#### What is needed:
Could you output each line below precisely as it stands, without the images?

#### Dataset section:
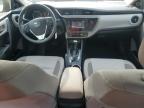2018 Toyota Corolla L en Venta en Marlboro, NY - Front End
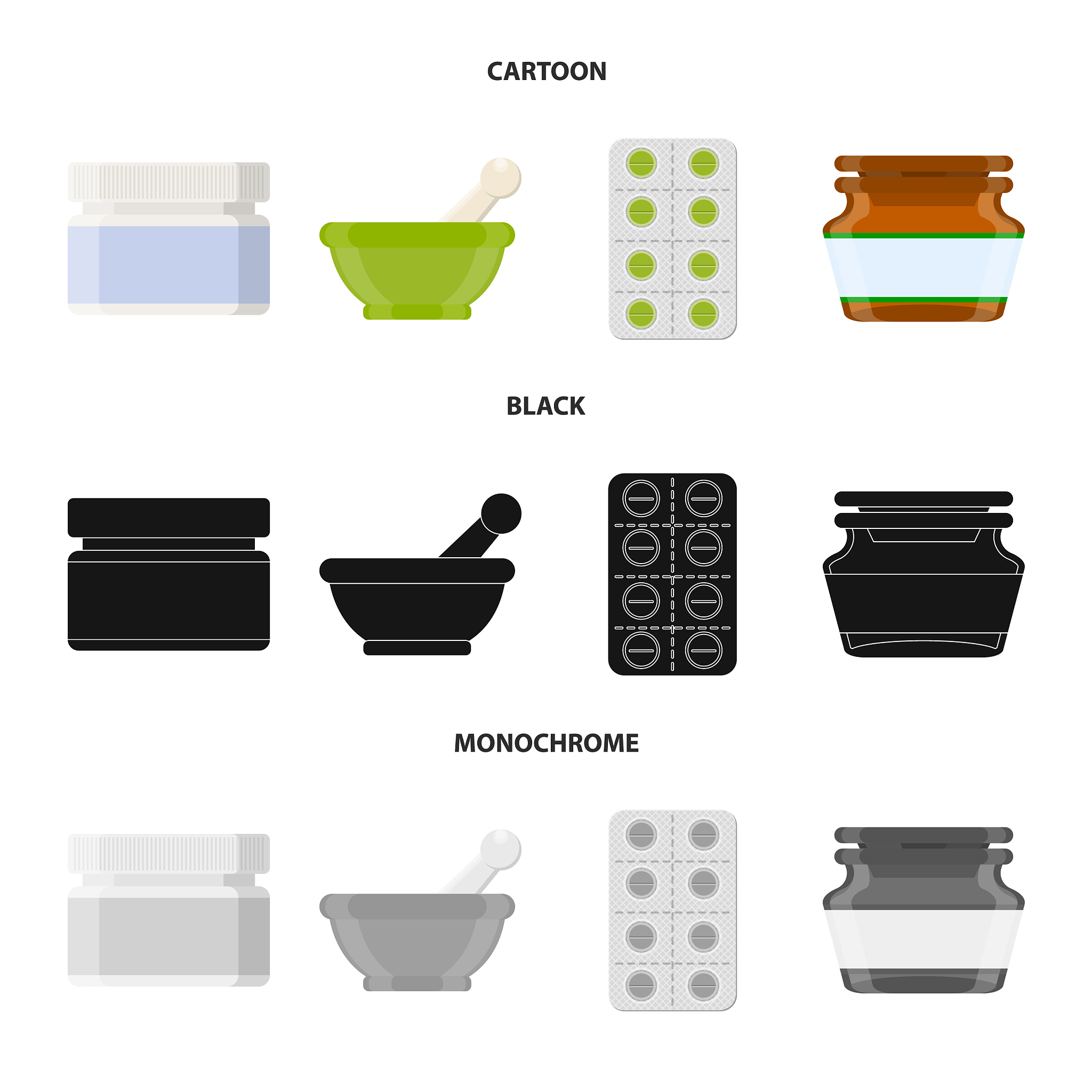 JOURNAL OF ENVIRONMENTAL SCIENCE AND HEALTH PART B: 农药、食品污染和农业废弃物研究期刊推荐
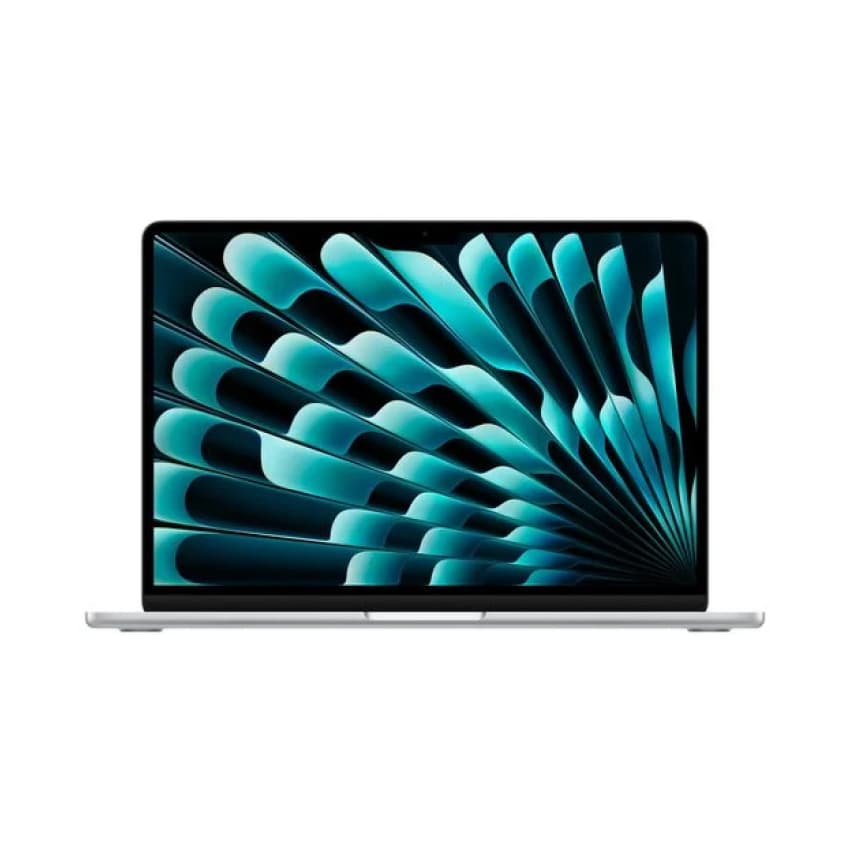 82682_laptop_apple_macbook_air__z15w005j9_.jpg main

#### Task result:
2018 Toyota Corolla L en Venta en Marlboro, NY - Front End
 JOURNAL OF ENVIRONMENTAL SCIENCE AND HEALTH PART B: 农药、食品污染和农业废弃物研究期刊推荐
 82682_laptop_apple_macbook_air__z15w005j9_.jpg main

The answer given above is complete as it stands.